The barriers to more immigration to Japan are many. Restrictive immigration laws bar the country’s struggling farms or workshops from access to foreign labour, driving some to abuse trainee programs for workers from developing countries, or hire illegal immigrants. Stringent qualification requirements shut out skilled foreign professionals, while a web of complex rules and procedures discourages entrepreneurs from setting up in Japan.
Given the dim job prospects, universities here have been less than successful at raising foreign student enrolment numbers. And in the current harsh economic climate, as local incomes fall and new college graduates struggle to land jobs, there has been scant political will to broach what has been a delicate topic.
But Japan’s demographic time clock is ticking: Its population will fall by almost a third to 90 million within 50 years, according to government forecasts. By 2055, more than one in three Japanese will be over 65, as the working-age population falls by over a third to 52 million.

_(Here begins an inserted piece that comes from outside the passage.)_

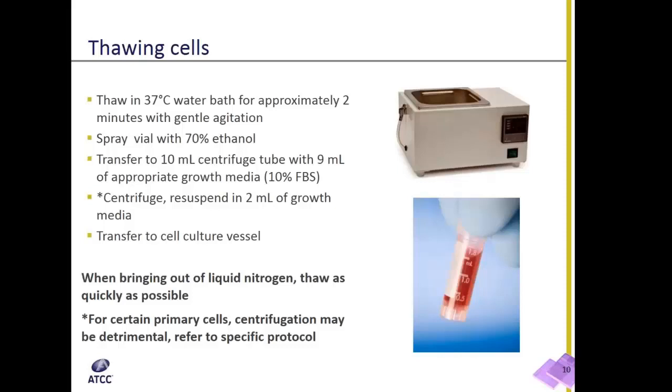To clarify about thawing cells: the main point is you always want to bring cells out of liquid nitrogen and thaw as quickly as possible.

Still, when a heavyweight of the defeated Liberal Democratic Party unveiled a plan in 2008 calling for Japan to accept at least 10 million immigrants, opinion polls showed a majority of Japanese were opposed.
“The shrinking population is the biggest problem. The country is fighting for its survival,” said Hidenori Sakanaka, director of the Japan Immigration Policy Institute, an independent research organization. “Despite everything, America manages to stay vibrant because it attracts people from all over the world,” he said. “On the other hand, Japan is content to all but shut out people from overseas.”

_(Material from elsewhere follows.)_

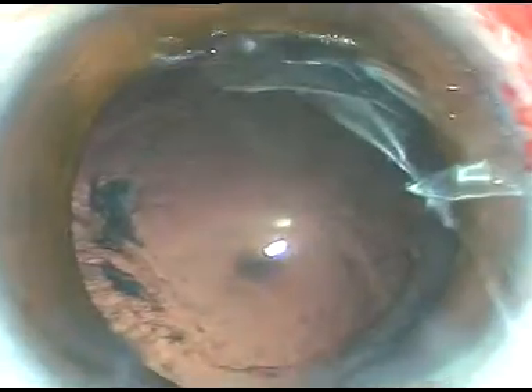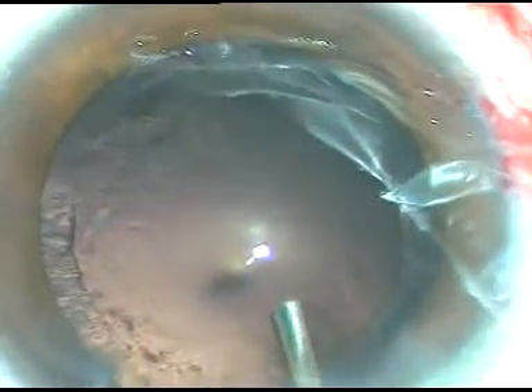Now I am trying to pull the thick epinucleus. As the fluid wave goes around, natural hydrodissection occurs — as Dr. Naranbar Desai says. He does surgery without hydrodissection in all cases. Now there are a lot of cells and a lot of cortical matter in this case.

Now, in a vicious cycle, Japan’s economic woes, coupled with a lack of progress in immigration policy and lack of support for immigrants, are setting off an exodus of the precious few immigrants who have settled here.
Though Japan had experienced a significant amount of migration in the decades after World War II, it was not until the dawn of Japan’s “bubble economy” of the 1980s that real pressure built on the government to relax immigration restrictions as a way to supply workers to industries like manufacturing and construction.
What ensued was a revision of the immigration laws in a way that policy makers believed would keep the country’s ethnic homogeneity intact. In 1990, Japan started to issue visas to foreign citizens exclusively of Japanese descent, like the descendants of Japanese who emigrated to Brazil in search of opportunities in the last century. In the 1990s, the number of Japanese Brazilians who came to Japan in search of work surged.
But the government did little to integrate its migrant populations. Children of foreigners are exempt from compulsory education, for example, while local schools that accept non-Japanese speaking children receive almost no help in caring for their needs. Many immigrant children drop out, supporters say, and many foreign workers here in Toyota City say they want to return to Brazil.
“Japan does not build strong links between immigrants and the local community,” said Hiroyuki Nomoto, who runs a school for immigrant children in Toyota City.